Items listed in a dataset
——

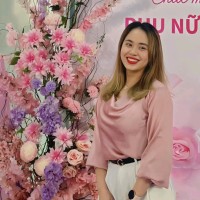 Bichhanh Kieu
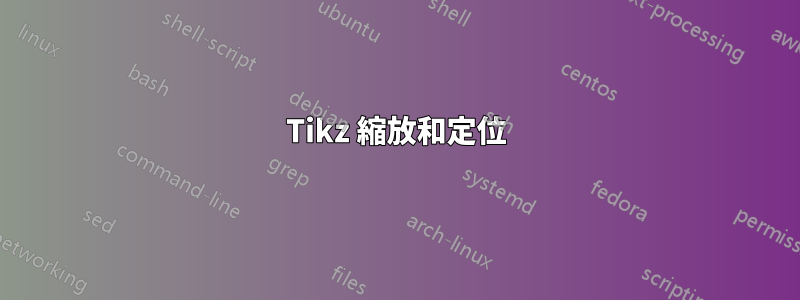 Tikz 縮放和定位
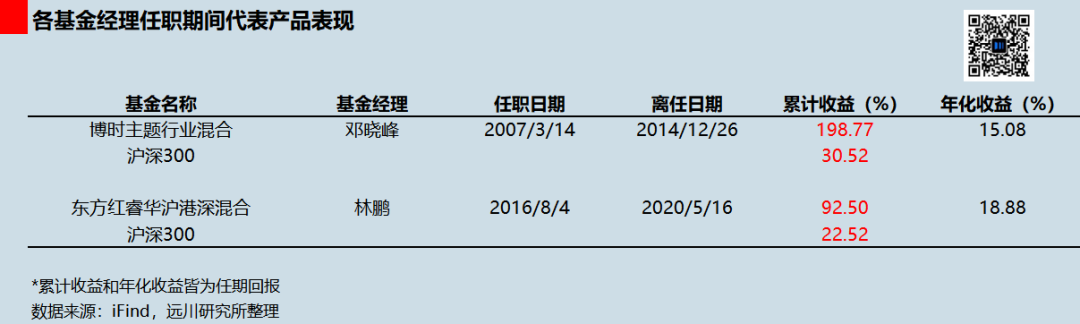 百亿私募大扩容，谁是青铜谁是王者？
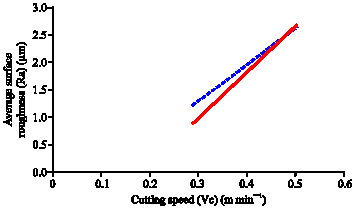 Image for - The Effect of Feed Rate and Cutting Speed to Surface Roughness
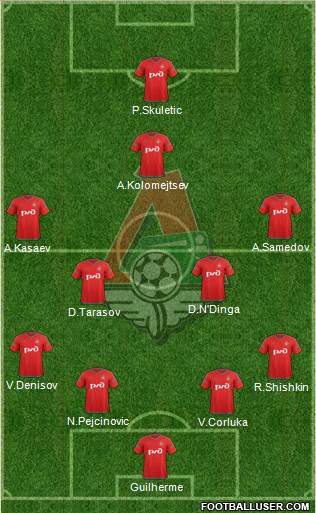 Lokomotiv Moscow Formation 2016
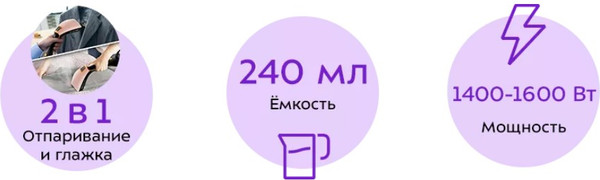 Изображение товара Отпариватель Kitfort КТ-9292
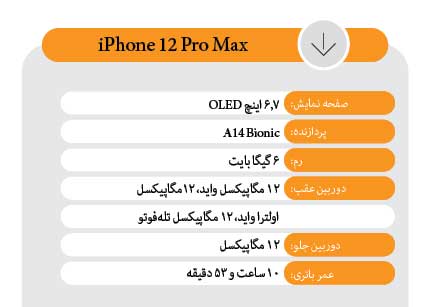 لنزهای مسحورکننده و کم نظیر لنزهای مسحورکننده و کم نظیر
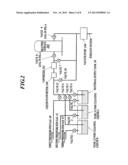 SUBSTRATE PROCESSING SYSTEM diagram and image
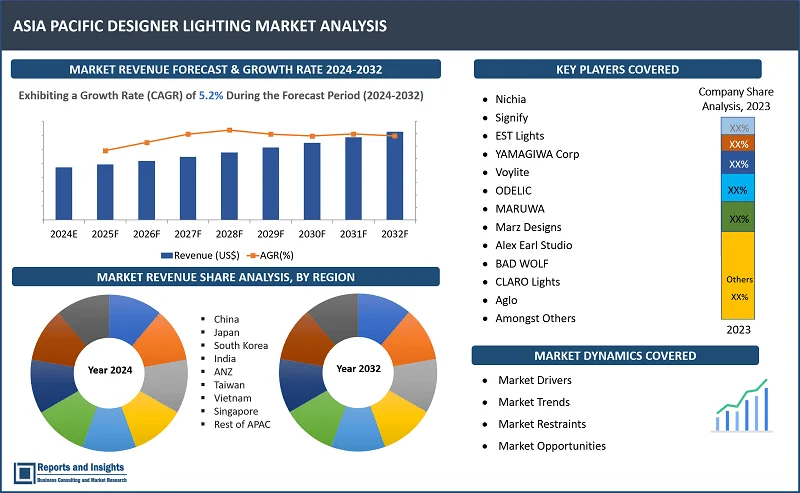 Asia Pacific Designer Lighting Market Report, By Type (Portable Lights, Ceiling Lights, Floor Lights, Wall & Surface Lights, Table Lights); By Product Type (Chandeliers, Wall Sconces, Floor Lamps, Table Lamps, Ceiling Lights, and others); Technology (LED, Fluorescent, Smart Lighting); Material, Application and Regions 2024-2032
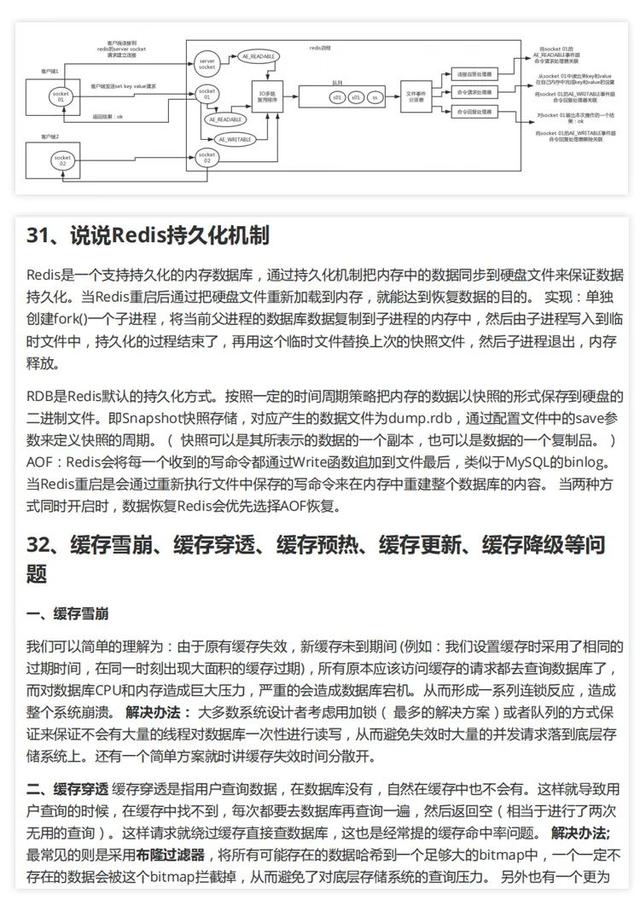 Java面试核心知识点（283页）Java面试题合集最新版（485页）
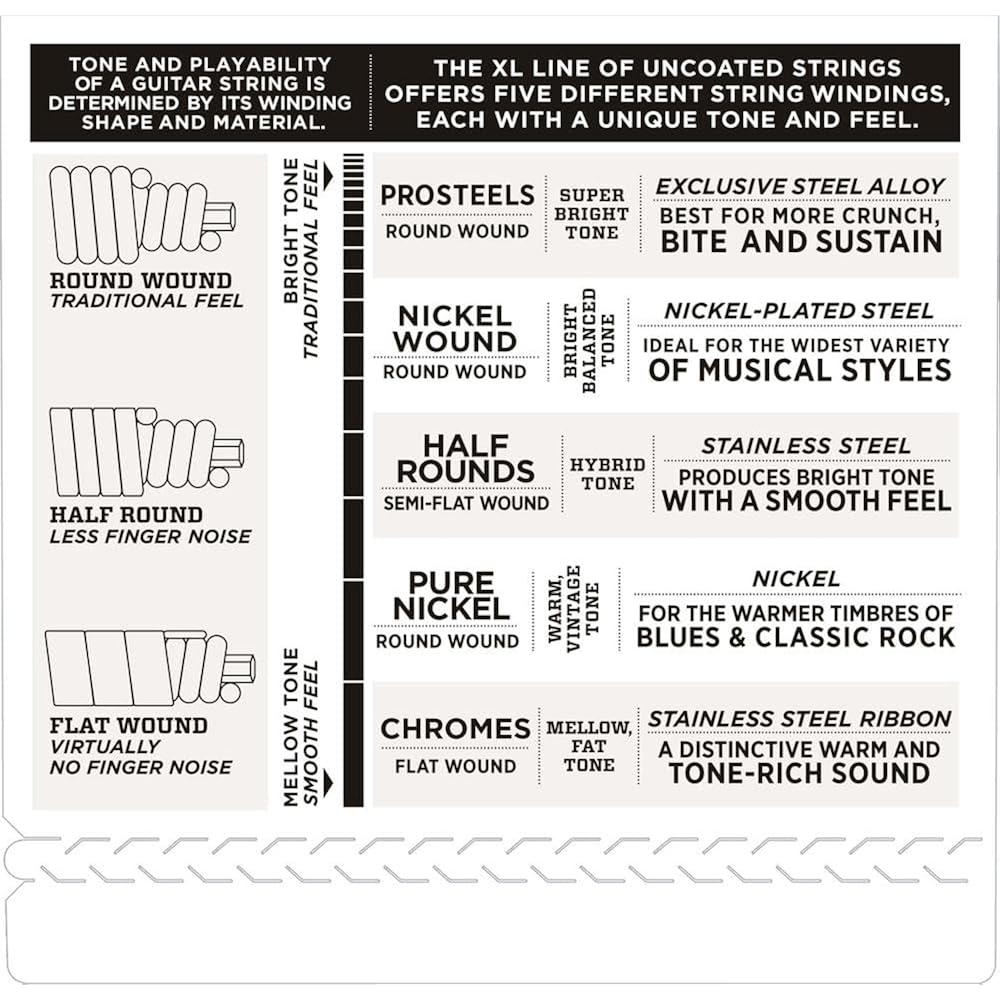 D'Addario Daddario Bass Strings Black Nylon Wound Long 5 Strings .050-.135 ETB92-5 [Domestic Genu...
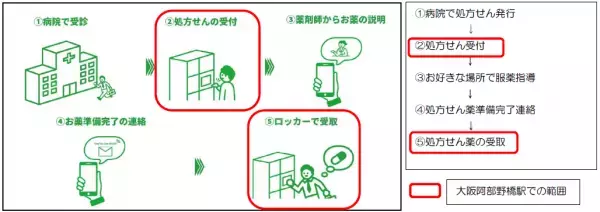 近畿日本鉄道 × GOODAID大阪阿部野橋駅に「処方せん薬受取ロッカー」を設置します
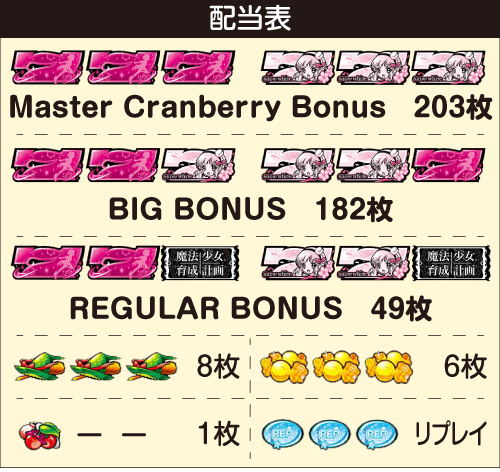 魔法少女育成計画 BIG缶バッジ まほいく 缶バッジ「青い魔法少女の自己主張」（全6種）／朗読劇 魔法少女育成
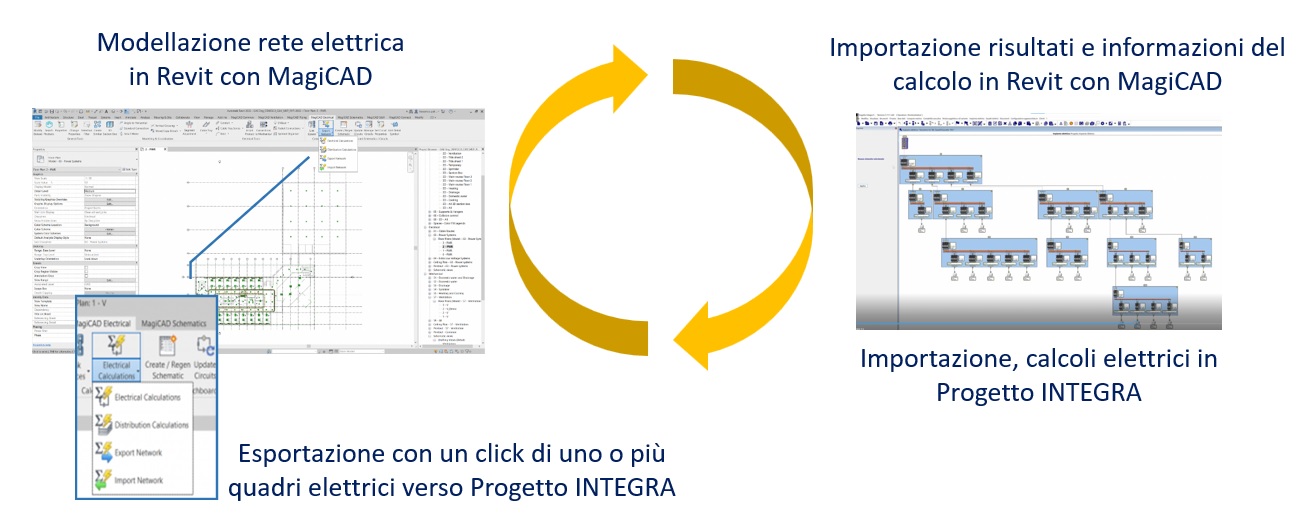 scambio dati Progetto IINTEGRA-MagiCAD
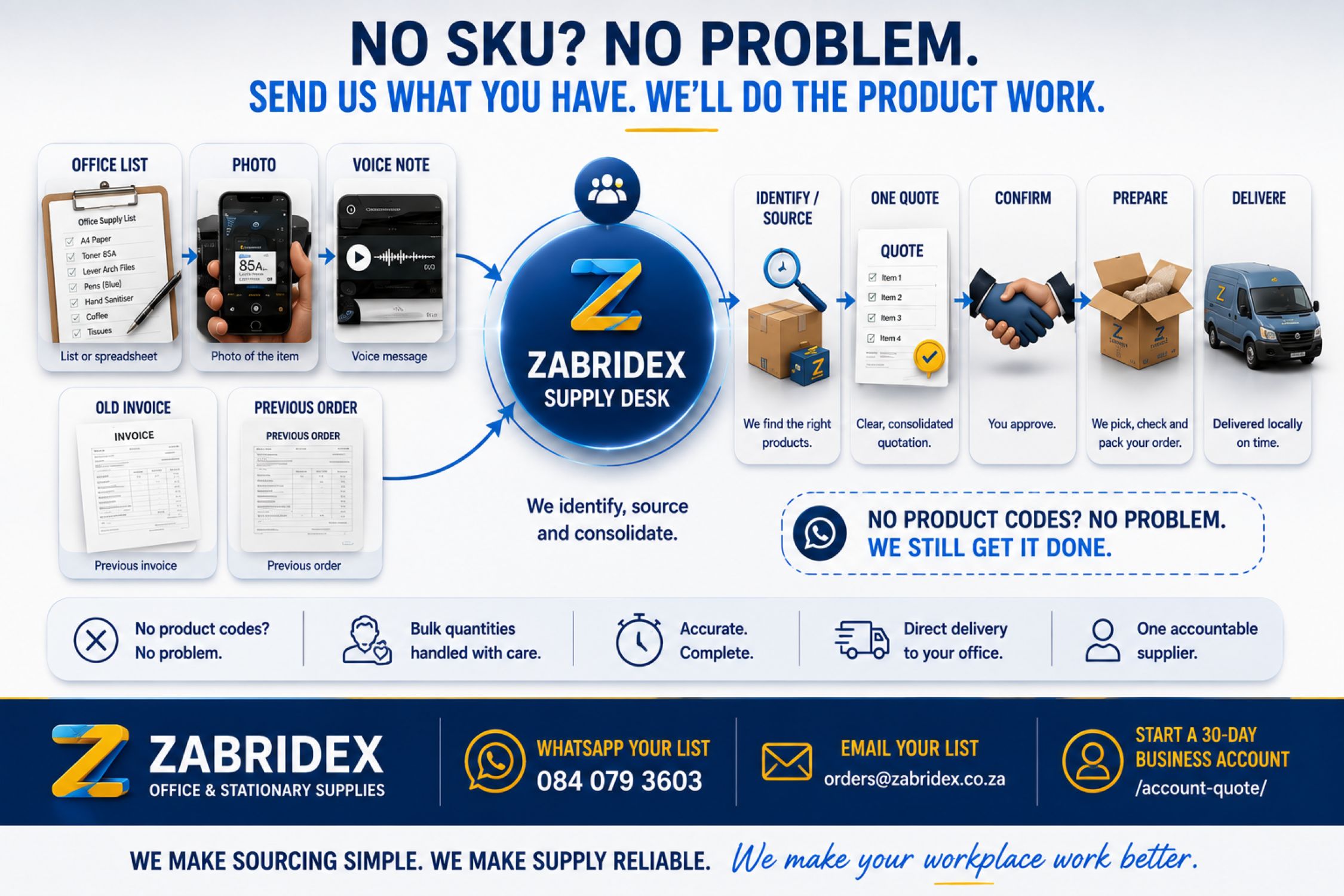 Zabridex no SKU workplace office supply ordering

——

» Exercise brief
Make a verbatim copy of all the entries and strip out the pictures.

» Response box
 Bichhanh Kieu
 Tikz 縮放和定位
 百亿私募大扩容，谁是青铜谁是王者？
 Image for - The Effect of Feed Rate and Cutting Speed to Surface Roughness
 Lokomotiv Moscow Formation 2016
 Изображение товара Отпариватель Kitfort КТ-9292
 لنزهای مسحورکننده و کم نظیر لنزهای مسحورکننده و کم نظیر
 SUBSTRATE PROCESSING SYSTEM diagram and image
 Asia Pacific Designer Lighting Market Report, By Type (Portable Lights, Ceiling Lights, Floor Lights, Wall & Surface Lights, Table Lights); By Product Type (Chandeliers, Wall Sconces, Floor Lamps, Table Lamps, Ceiling Lights, and others); Technology (LED, Fluorescent, Smart Lighting); Material, Application and Regions 2024-2032
 Java面试核心知识点（283页）Java面试题合集最新版（485页）
 D'Addario Daddario Bass Strings Black Nylon Wound Long 5 Strings .050-.135 ETB92-5 [Domestic Genu...
 近畿日本鉄道 × GOODAID大阪阿部野橋駅に「処方せん薬受取ロッカー」を設置します
 魔法少女育成計画 BIG缶バッジ まほいく 缶バッジ「青い魔法少女の自己主張」（全6種）／朗読劇 魔法少女育成
 scambio dati Progetto IINTEGRA-MagiCAD
 Zabridex no SKU workplace office supply ordering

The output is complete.